═════ The records ═════

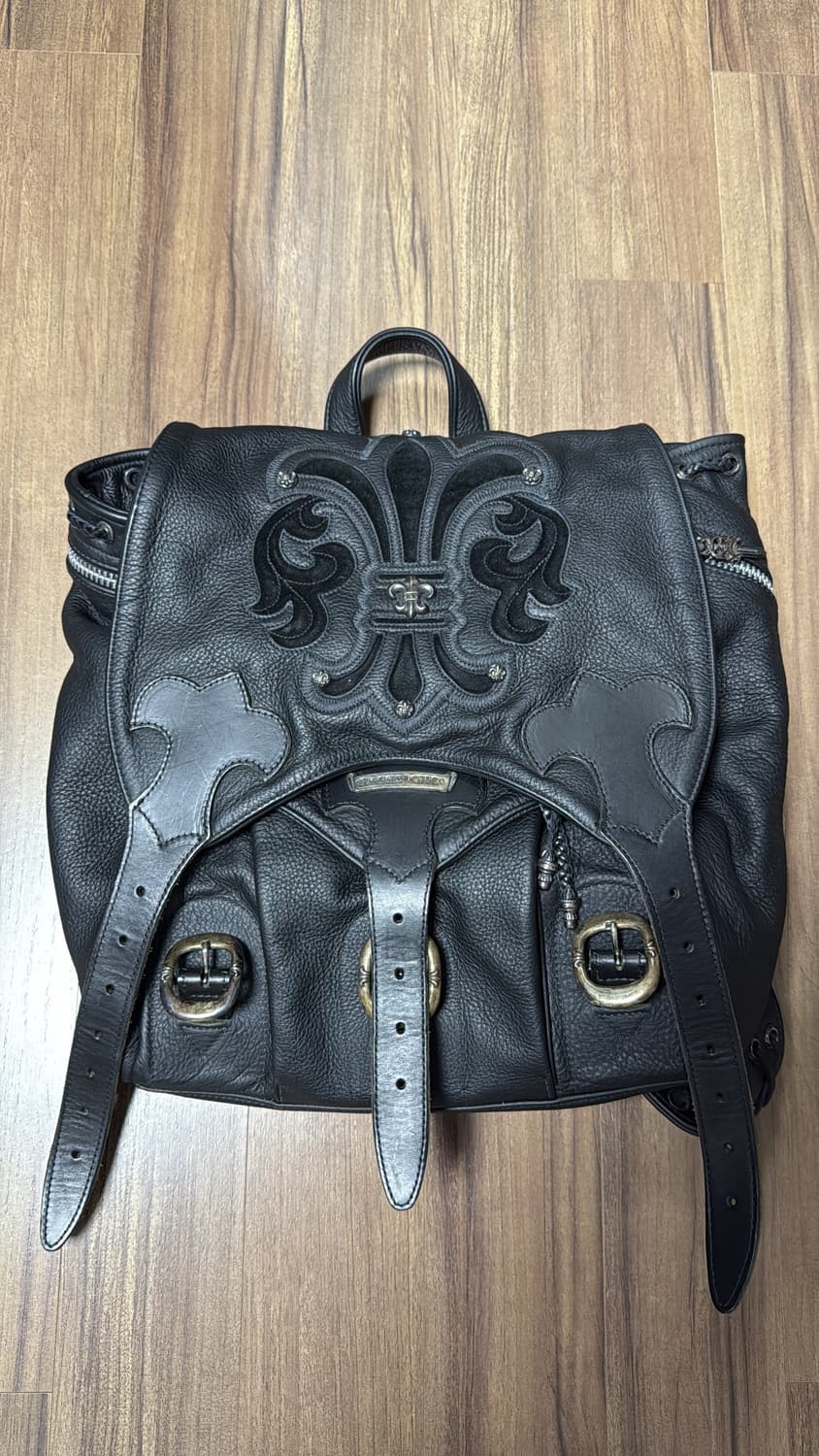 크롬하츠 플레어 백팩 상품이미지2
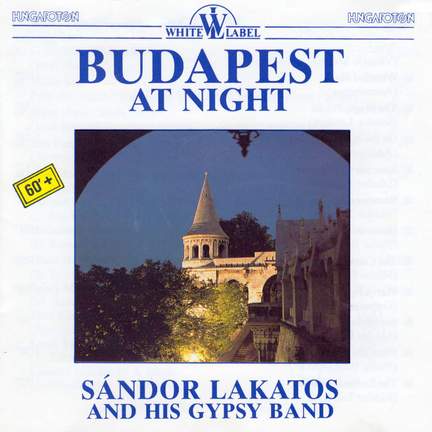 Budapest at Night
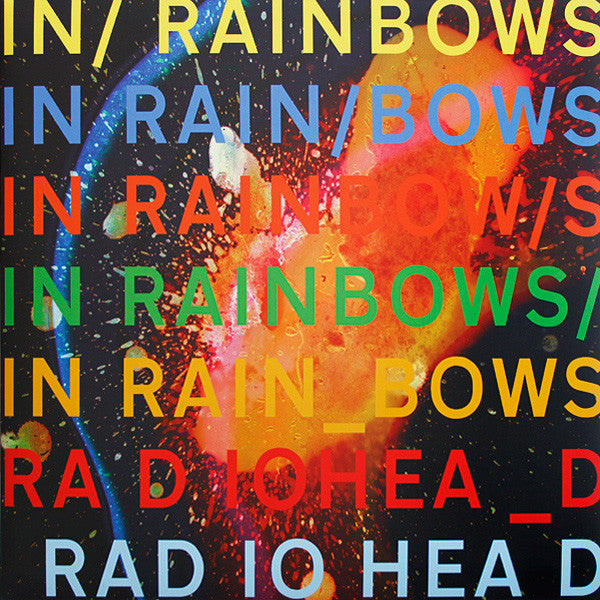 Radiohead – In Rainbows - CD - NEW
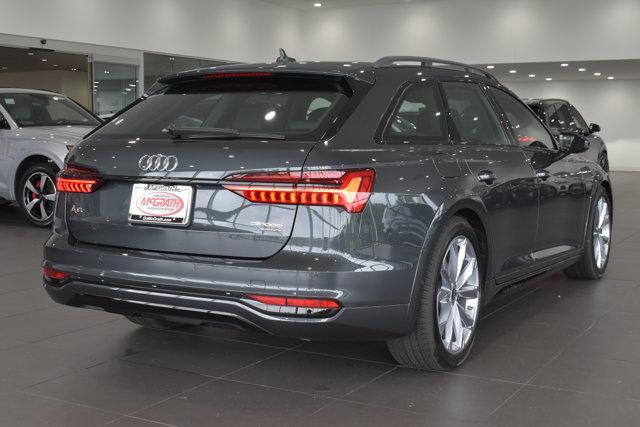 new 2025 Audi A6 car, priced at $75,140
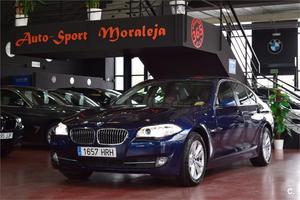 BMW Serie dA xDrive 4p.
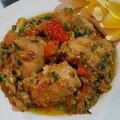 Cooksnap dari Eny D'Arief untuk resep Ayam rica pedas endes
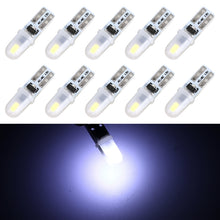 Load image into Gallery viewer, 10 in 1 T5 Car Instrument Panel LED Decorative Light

═════

**Required action**
The line that contains "Budapest at Night" opens the part to copy, and the last line of the records closes it; set down those lines exactly, pictures excluded.

**Exercise solution**
 Budapest at Night
 Radiohead – In Rainbows - CD - NEW
 new 2025 Audi A6 car, priced at $75,140
 BMW Serie dA xDrive 4p.
 Cooksnap dari Eny D'Arief untuk resep Ayam rica pedas endes
 Load image into Gallery viewer, 10 in 1 T5 Car Instrument Panel LED Decorative Light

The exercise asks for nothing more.